From Oracle Expert to SQL Server Newbie - First Impressions

Oops, I've done it again - I left you readers hanging when I published the first part of two on generating code for your lookup/reference/code tables.  I promise to get back to it.

But in the meantime:
I have a new job.  Yeah, it was pretty sudden - finished my old job at the end of the year, and jumped directly into the new one at the beginning of the new year.  And the biggest shock is that this old Oracle DBA and Database Architect is going to be designing a database to be implemented in Microsoft SQL Server.  No, I didn't lie about my credentials, but I've worked with this boss before, and he said, "Oh, you'll do fine.  You're a smart guy.  And SQL is SQL, right? RDBMS is RDBMS, right?"
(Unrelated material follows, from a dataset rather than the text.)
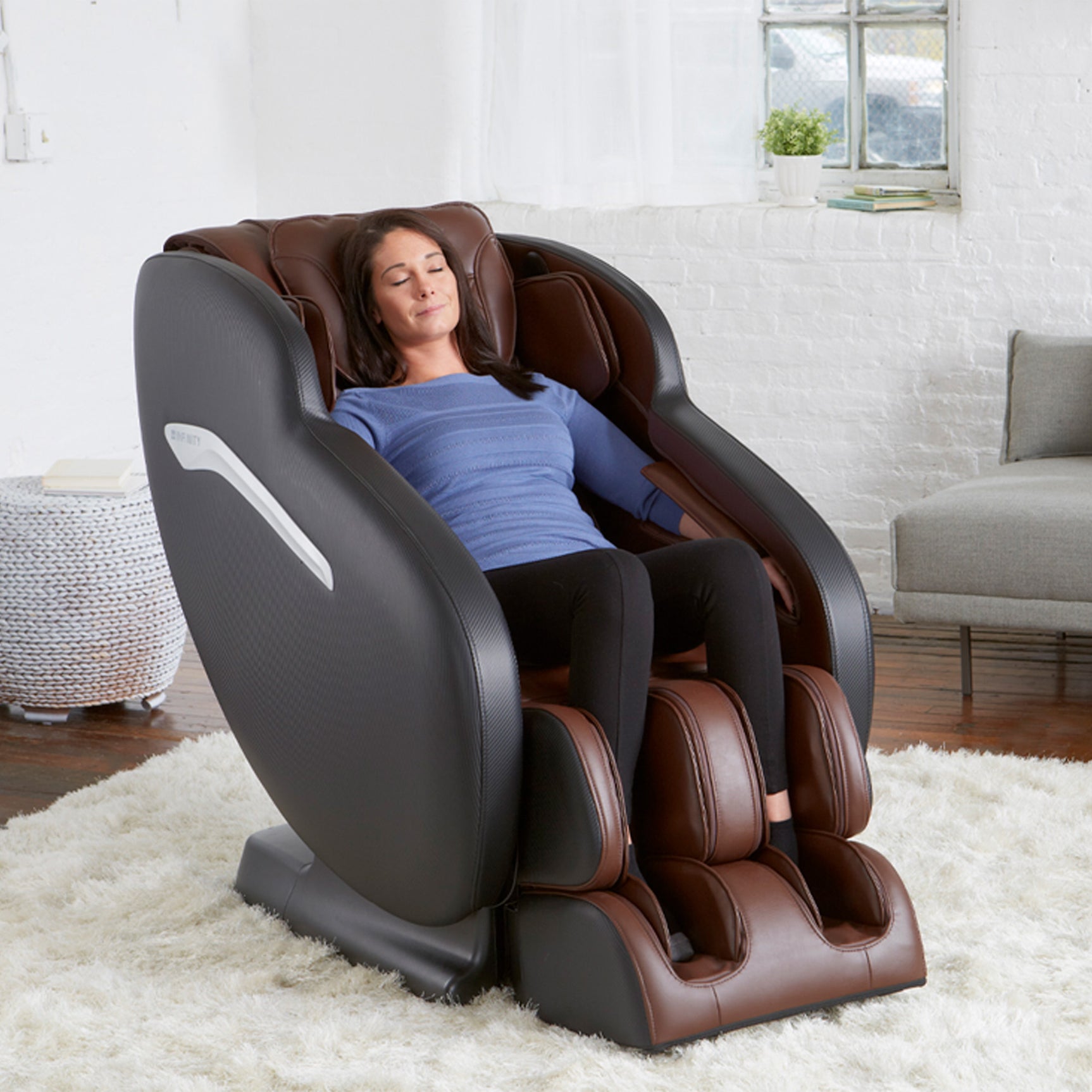 Infinity Aura Black/Brown Massage Chair - Ornate Home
So, here I am, the newbie, posing as an expert.  I've been learning all I can about SQL Server, and trying things out, watching tutorials (Microsoft has some really good video lessons, designed especially for the Oracle DBA transitioning.)  Here are some first impressions:


  • SQL is SQL.  Yes, there are differences, but the basics of the SELECT, INSERT, UPDATE, DELETE, and most of the DDL commands too, are pretty close.
  • T-SQL is NOT PL/SQL.  Think of Transact-SQL as more like a SQL*Plus script with some flow control statements like IF/ELSE.  Some of it is nice, like no difference between a substitution variable and a language variable.  I think (not sure) that a T-SQL variable does act as a bind variable where PL/SQL variables would, but you can do things that PL/SQL would have to put inside an EXECUTE IMMEDIATE.  Cool.
  • I miss PL/SQL packages.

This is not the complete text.